In Peter Norvig’s talk The Unreasonable Effectiveness of Data, starting at 37:42, he describes a translation algorithm based on Bayes’ theorem. Pick the English word that has the highest posterior probability as the translation. No surprise here. Then at 38:16 he says something curious.
So this is all nice and theoretical and pure, but as well as being mathematically inclined, we are also realists. So we experimented some, and we found out that when you raise that first factor [in Bayes' theorem] to the 1.5 power, you get a better result.
In other words, if we change Bayes’ theorem (!) the algorithm works better. He goes on to explain
Now should we dig up Bayes and notify him that he was wrong? No, I don’t think that’s it. …

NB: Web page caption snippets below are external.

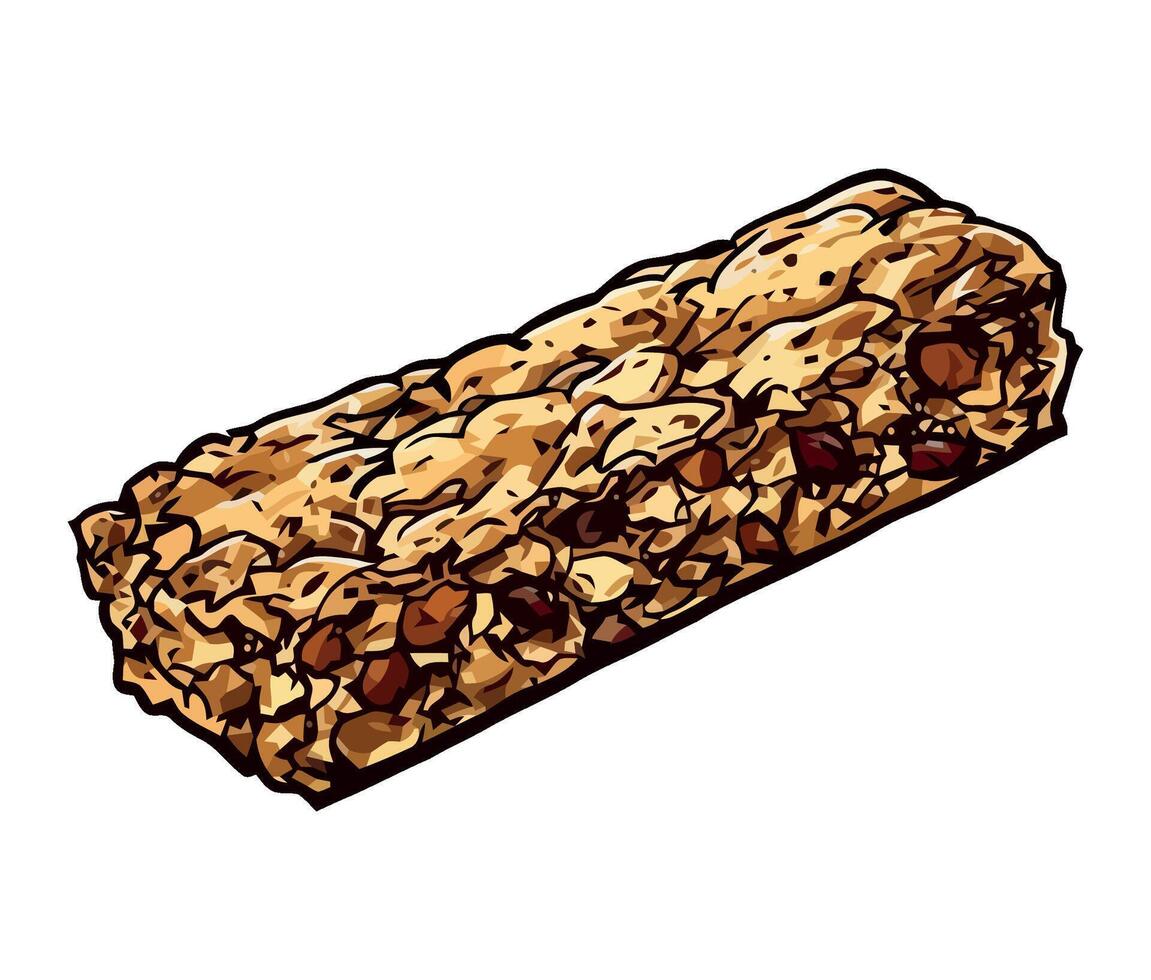 Freshly baked cereal bar a sweet snack image vector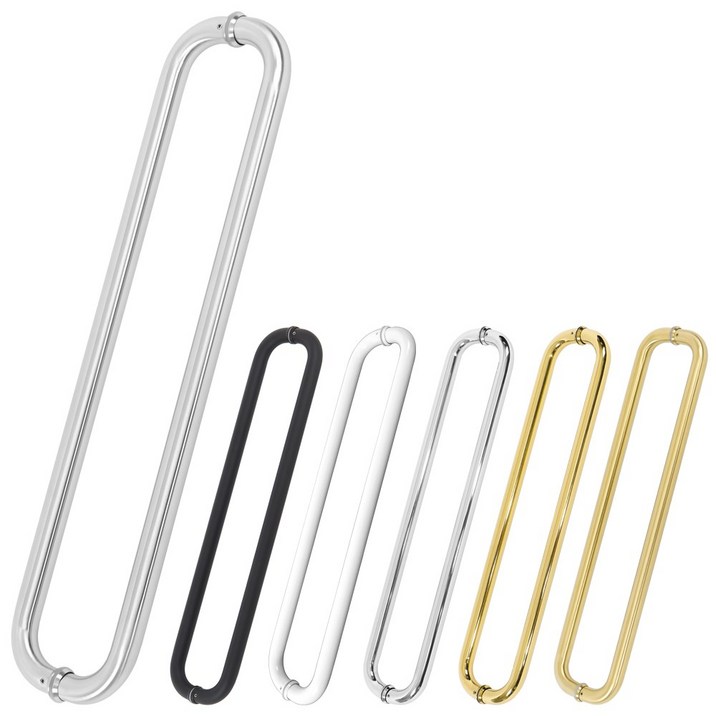 철물이네 강화도어 손잡이 600mm 마주 25파이 원형 유리문, 실버 무광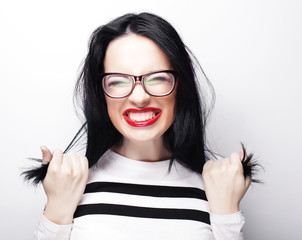 Young cute smiling brunette girl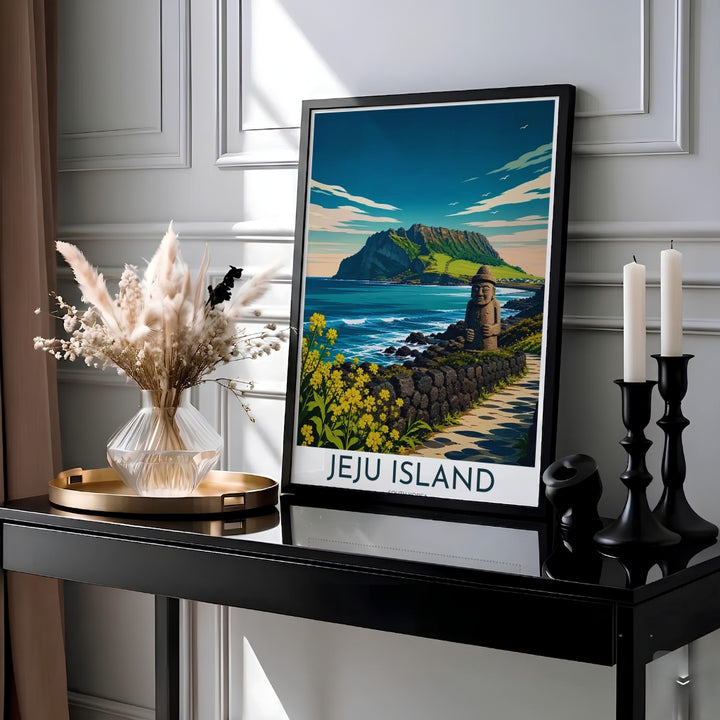 Vibrant coastal landscape wall art depicting Seongsan Ilchulbong in Jeju Island, South Korea, framed by black volcanic basalt rock walls, yellow canola flowers, and deep blue sea channels. Offered by MapYourDreams, this artwork is available in flexible options including unframed paper, custom wooden frames, and gallery canvas wraps.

I imagine most statisticians would respond that this cannot possibly be right. While it appears to work, there must be some underlying reason why and we should find that reason before using an algorithm based on an ad hoc tweak.
While such a reaction is understandable, it’s also a little hypocritical. Statisticians are constantly drawing inference from empirical data without understanding the underlying mechanisms that generate the data. When analyzing someone else’s data, a statistician will say that of course we’d rather understand the underlying mechanism than fit statistical models, that’s just not always possible. Reality is too complicated and we’ve got to do the best we can.
I agree, but that same reasoning applied at a higher level of abstraction could be used to accept Norvig’s translation algorithm. Here’s this model (derived from spurious math, but we’ll ignore that). Let’s see empirically how well it works.